Aim of the task
Once the line with "Vancouver Aquarium Wedding" is found in the entries below, print it and each following line exactly, stopping after the line with "5 Katha plot"; print nothing else.

Source data
__________________________________________________
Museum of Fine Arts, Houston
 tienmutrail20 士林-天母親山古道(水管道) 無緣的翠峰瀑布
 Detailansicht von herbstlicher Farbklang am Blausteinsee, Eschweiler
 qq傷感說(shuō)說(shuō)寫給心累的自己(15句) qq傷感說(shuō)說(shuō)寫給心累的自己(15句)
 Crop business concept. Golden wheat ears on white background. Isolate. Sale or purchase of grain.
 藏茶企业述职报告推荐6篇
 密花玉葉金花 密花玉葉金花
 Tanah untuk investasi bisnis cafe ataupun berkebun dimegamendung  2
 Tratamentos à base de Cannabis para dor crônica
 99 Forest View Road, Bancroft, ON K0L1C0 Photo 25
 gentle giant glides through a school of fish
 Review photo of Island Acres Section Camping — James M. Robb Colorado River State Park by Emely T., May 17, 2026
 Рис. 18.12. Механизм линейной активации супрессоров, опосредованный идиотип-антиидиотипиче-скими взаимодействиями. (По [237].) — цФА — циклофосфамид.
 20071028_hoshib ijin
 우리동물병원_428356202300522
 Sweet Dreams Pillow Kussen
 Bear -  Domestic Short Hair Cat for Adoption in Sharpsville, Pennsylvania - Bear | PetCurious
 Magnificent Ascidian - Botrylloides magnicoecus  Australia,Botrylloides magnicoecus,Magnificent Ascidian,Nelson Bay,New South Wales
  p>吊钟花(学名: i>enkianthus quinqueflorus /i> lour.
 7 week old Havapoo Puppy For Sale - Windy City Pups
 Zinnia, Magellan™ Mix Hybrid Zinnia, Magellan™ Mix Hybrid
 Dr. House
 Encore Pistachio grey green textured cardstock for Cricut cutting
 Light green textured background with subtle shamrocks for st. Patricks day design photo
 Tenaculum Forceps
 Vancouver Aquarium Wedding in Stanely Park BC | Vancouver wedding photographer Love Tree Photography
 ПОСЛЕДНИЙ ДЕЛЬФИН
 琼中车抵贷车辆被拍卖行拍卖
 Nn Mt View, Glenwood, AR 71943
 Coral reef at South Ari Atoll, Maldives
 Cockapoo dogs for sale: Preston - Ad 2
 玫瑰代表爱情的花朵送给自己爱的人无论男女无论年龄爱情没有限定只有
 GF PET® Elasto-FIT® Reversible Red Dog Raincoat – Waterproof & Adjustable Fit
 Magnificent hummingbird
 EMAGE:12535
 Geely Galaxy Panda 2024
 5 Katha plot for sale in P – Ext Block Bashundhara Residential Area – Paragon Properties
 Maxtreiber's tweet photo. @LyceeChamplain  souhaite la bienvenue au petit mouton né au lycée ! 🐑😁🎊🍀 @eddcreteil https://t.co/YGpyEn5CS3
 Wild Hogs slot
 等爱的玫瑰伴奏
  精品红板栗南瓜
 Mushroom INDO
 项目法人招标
__________________________________________________
Response area
 Vancouver Aquarium Wedding in Stanely Park BC | Vancouver wedding photographer Love Tree Photography
 ПОСЛЕДНИЙ ДЕЛЬФИН
 琼中车抵贷车辆被拍卖行拍卖
 Nn Mt View, Glenwood, AR 71943
 Coral reef at South Ari Atoll, Maldives
 Cockapoo dogs for sale: Preston - Ad 2
 玫瑰代表爱情的花朵送给自己爱的人无论男女无论年龄爱情没有限定只有
 GF PET® Elasto-FIT® Reversible Red Dog Raincoat – Waterproof & Adjustable Fit
 Magnificent hummingbird
 EMAGE:12535
 Geely Galaxy Panda 2024
 5 Katha plot for sale in P – Ext Block Bashundhara Residential Area – Paragon Properties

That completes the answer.